The point here, I take it, is that we don't pray to change God so much as to change and improve ourselves. If we succeed in this, if we succeed in stilling our thoughts, mastering our desires, strengthening our resolutions, and re-directing our aspirations from the base to the noble, then we have succeeded in improving ourselves and our prayer has been answered. Here, in a similar vein, is Ralph Waldo Emerson from his great essay "Self-Reliance":
Prayer that craves a particular commodity, — any thing less than all good, — is vicious. Prayer is the contemplation of the facts of life from the highest point of view.
Hitchens has no understanding of religion or of prayer. The two are closely linked as William James observed:
Prayer is religion in act; that is, prayer is real religion. (Varieties of Religious Experience, 464)
In his profound incomprehension, Hitchens takes prayer in its crassest petitionary sense, oblivious of the iceberg submerged beneath that paltry tip.
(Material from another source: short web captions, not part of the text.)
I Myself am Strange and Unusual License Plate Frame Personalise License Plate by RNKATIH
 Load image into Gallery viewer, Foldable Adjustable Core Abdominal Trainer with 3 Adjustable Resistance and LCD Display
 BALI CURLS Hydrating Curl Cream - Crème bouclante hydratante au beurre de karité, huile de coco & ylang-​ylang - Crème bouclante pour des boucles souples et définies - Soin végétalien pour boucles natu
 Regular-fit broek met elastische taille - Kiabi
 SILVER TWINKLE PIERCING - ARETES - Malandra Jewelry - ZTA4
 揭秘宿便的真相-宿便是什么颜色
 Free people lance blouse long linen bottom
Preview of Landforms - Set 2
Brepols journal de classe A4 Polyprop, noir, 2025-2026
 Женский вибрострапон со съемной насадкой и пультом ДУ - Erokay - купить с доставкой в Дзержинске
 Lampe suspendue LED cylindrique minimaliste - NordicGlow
Lacking as he does the religious sensibility, Hitchens is devoid of all sympathy for it, and can't see anything good in it. His understanding of it is the misundertanding of the outsider. To understand religion from the outside is like trying to understand music from the outside as a peculiar sort of acoustic disturbance. But religion, like music, chess, love, poetry, mathematics, running, science . . . can only be understood from the inside by those who engage in these activities and have the inner predisposition and talent to engage in them.